Cleaning Up Unstructured Data

Many organizations are transforming or cleaning up, organizing, and managing information located in their shared drives, SharePoint libraries and other unstructured data repositories as part of their overall program of gaining control over their electronic records. This is often an activity performed as part of an Information Governance or Privacy Compliance strategy.

A proper Information Governance strategy around shared drives, SharePoint and other unstructured data is focused on:

  • Putting databases, install files, and apps on dedicated servers separate from electronic records
  • Putting the good content into structures that allow individuals to manage, classify, or purge
  • Getting rid of useless, non-business content so managing relevant content becomes easier

Index And Auto-classification Tools

These tools represent a fairly new generation of technologies available to help with the cleanup and categorization of unstructured content, which is any type of digital content that is not inside a database, from office documents and images to applications.
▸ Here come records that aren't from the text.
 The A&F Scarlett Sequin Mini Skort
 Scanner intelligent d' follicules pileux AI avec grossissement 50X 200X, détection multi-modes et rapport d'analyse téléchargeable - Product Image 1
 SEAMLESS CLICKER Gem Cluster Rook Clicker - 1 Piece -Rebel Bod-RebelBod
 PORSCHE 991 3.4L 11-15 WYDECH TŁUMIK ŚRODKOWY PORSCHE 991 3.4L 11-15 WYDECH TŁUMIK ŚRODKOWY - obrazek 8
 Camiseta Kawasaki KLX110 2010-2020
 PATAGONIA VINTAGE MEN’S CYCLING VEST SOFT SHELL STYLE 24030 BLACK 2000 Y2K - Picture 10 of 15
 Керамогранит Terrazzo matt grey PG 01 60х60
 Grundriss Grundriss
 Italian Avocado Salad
They can support multiple taxonomy facets which can be applied to content across the enterprise. The actions can range from deleting and moving, to outputting migration scripts, to moving files and metadata into content repositories. Transforming shared drives requires much more than just installing these tools though.

Getting Buy-In

The first step in cleaning a shared drive is to make sure the  right people are involved, as it requires input from a number of constituencies. All of these groups will benefit from an organized share drive, so they should all be willing to participate in defining requirements and policies for the project.

  • Information technology (IT)
  • Human resources (HR)
  • Litigation support team

Some Common Approaches

  • Basing root level, first-tier, and second-tier folders on a functional model will help efforts to organize content
  • Eliminating odd characters in file names
  • Avoiding long file paths
  • Validating and removing duplicates
  • Establishing common acronyms and spellings for common entities (controlled vocabulary)
  • Structuring the use of dates to be consistent across the organization.
  • Formalizing the use of “draft,” “ver.#,” “superseded,” and “final.”
  • Considering using postfix tags on folders indicating a lifecycle management state and business function.